**What is being asked:** Your answer must repeat all of the entries word for word, without any images.

**Data supplied:**
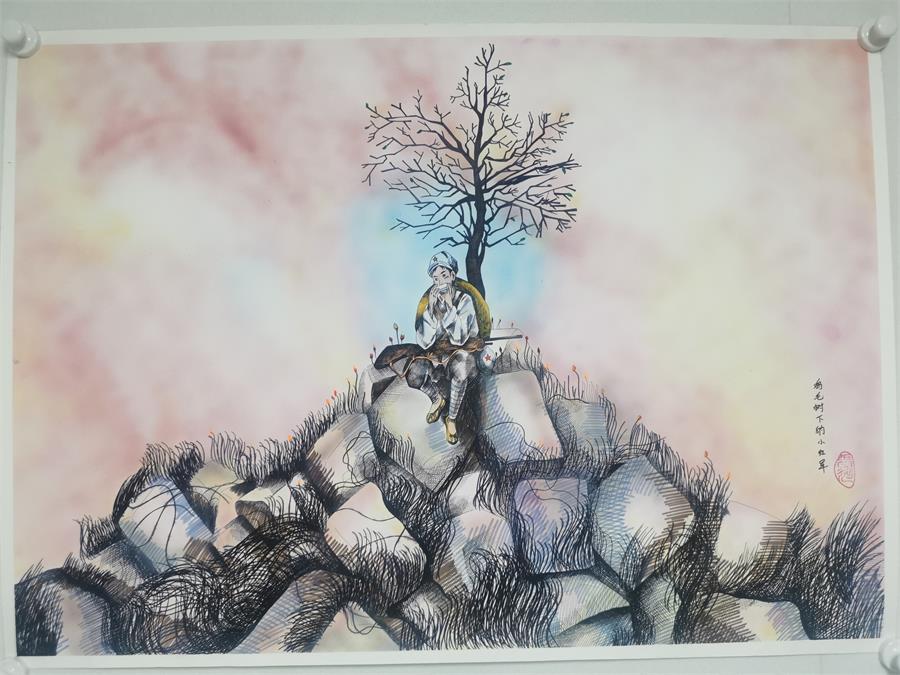 3044am永利集团3044noc(中国游)官方网站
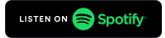 Spotify Logo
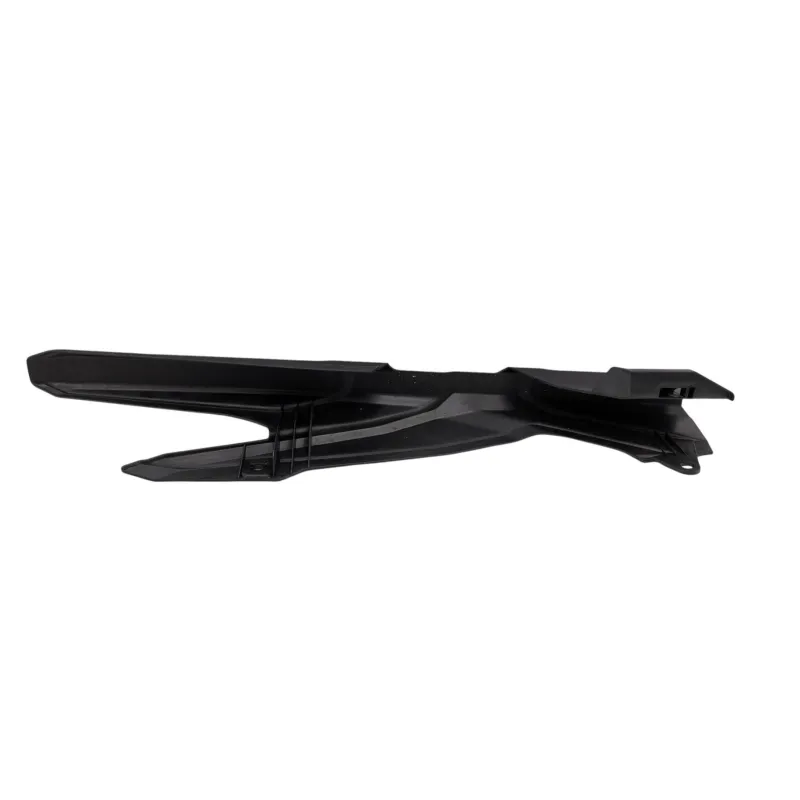 Cache chaine HONDA CB 500 F ABS 2019 - 2020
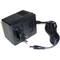 Modem GSM i GPRS amb veu (RS-232) 900/1800/1900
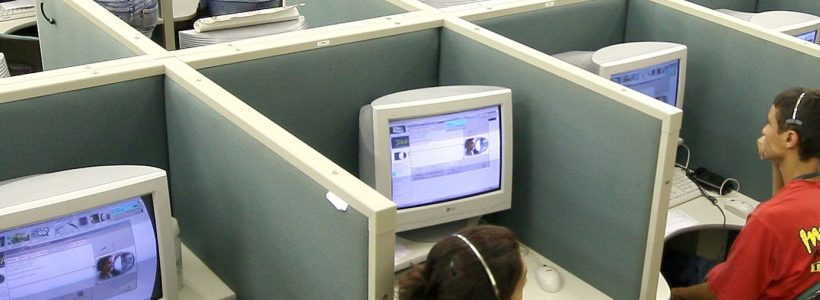 Call-Centers-en-Repblica-Dominicana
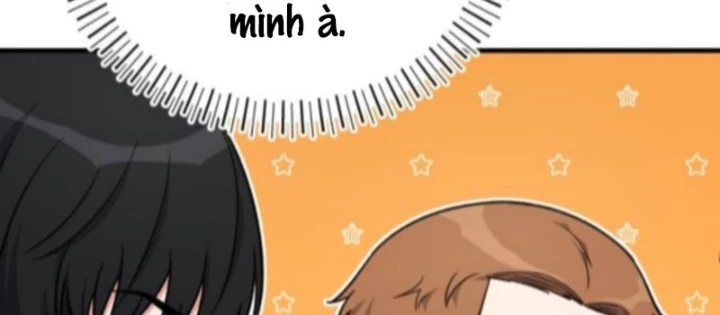 Support Gánh Cả Thế Giới Chapter 22 - 14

**Solution for this exercise:**
 3044am永利集团3044noc(中国游)官方网站
 Spotify Logo
 Cache chaine HONDA CB 500 F ABS 2019 - 2020
 Modem GSM i GPRS amb veu (RS-232) 900/1800/1900
 Call-Centers-en-Repblica-Dominicana
 Support Gánh Cả Thế Giới Chapter 22 - 14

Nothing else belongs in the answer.